Месроп Маштоц начал перевод Писания на армянский, свв. Кирилл и Мефодий – на славянский. В честь последних учреждены премии, устраиваются праздники, им ставятся памятники, наконец, мы поминаем их во время проскомидии за каждой литургией, но при этом забываем о главной их заслуге. А состоит она в том, что они не боялись нового – не испугались перевести Евангелие на язык язычников, дикарей, у которых не было ни письменности, ни культуры, ни даже слов, необходимых для их работы. Когда блаженный Иероним переводил Библию на латынь, это был язык с тысячелетней историей, с блестящей литературной традицией и проч., язык, на котором до него уже была написана «Энеида» Вергилия и многие другие тексты. Когда семьдесят толковников переводили Ветхий Завет на греческий, ситуация была такой же: они работали после Гомера и после великих трагиков V века. А славянского языка до святых первоучителей вообще, в сущности, не было – было лишь наречие, на котором, как мы можем сказать из-за отсутствия у нас свидетельств об обратном, лишь говорили в быту. Кирилл и Мефодий взялись за дело, обреченное на провал, и победили.
Верность делу свв. Мефодия и Кирилла
В прошлом веке, когда в Москве праздновалось тысячелетие славянского Евангелия, об этой потрясающей смелости свв. Кирилла и Мефодия замечательно говорил Капитон Иванович Невоструев, один из блестящих знатоков славянских рукописей, послушник Чудова монастыря в Кремле, мирянин, у которого, по словам современников, монахи учились иноческому деланию. Невоструев подчеркнул, что именно смелость, отсутствие страха перед новым прежде всего отличают первоучителей наших, что именно эти качества должны мы иметь в виду, если хотим быть верны их традициям. Говорилось это в те годы, когда шли споры о русской Библии, уже готовой, но еще полностью не напечатанной и воспринимавшейся многими как что-то протестантское, подрывающее устои православия и т. д.

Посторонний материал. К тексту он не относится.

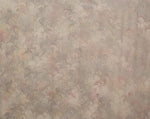 Large hand marbled charmeuse silk fabric, ecru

Допустим, что русская Библия подрывает «основы». А Остромирово Евангелие? Появившееся на Руси в 1056–1057 годах, оно представляет собой не точную копию древнейших рукописей, а их редакцию, в которой одни непонятные для древнерусского читателя слова заменены на другие, в одних случаях изменены грамматические формы, а в других звучание слов приближено к тому, как они произносились не в моравских землях, где сначала распространялся перевод свв. Кирилла и Мефодия, а на Руси. С IX и вплоть до XVII века славянский перевод Писания постоянно редактировался, переделывался, видоизменялся. Когда эта редакция осуществлялась, и, разумеется, сверялась с греческим оригиналом, ее приближали к живому русскому языку той эпохи. Книжники на Руси хорошо понимали, что перевод должен быть точен, и не боялись вносить исправления в славянский текст, который они любили, наверное, знали наизусть, но воспринимали не как нечто аутентичное греческому тексту и его вполне заменяющее, а именно как перевод. Одним из таких редакторов был в XIV веке св. Алексий, митрополит Московский. Подрывала ли «основы» деятельность его и других переписчиков? Всё-таки надеюсь, что нет. И даже смею думать, что наоборот – укрепляла. Замечу между прочим, что раскол при патриархе Никоне возник, а затем превратился в настоящую трагедию для нашей Церкви совсем не из-за самого факта исправления книг, а только из– за того, как производилось это исправление. Из-за резкости и грубости патриарха, из-за тех фельдфебельских методов, которыми он пользовался.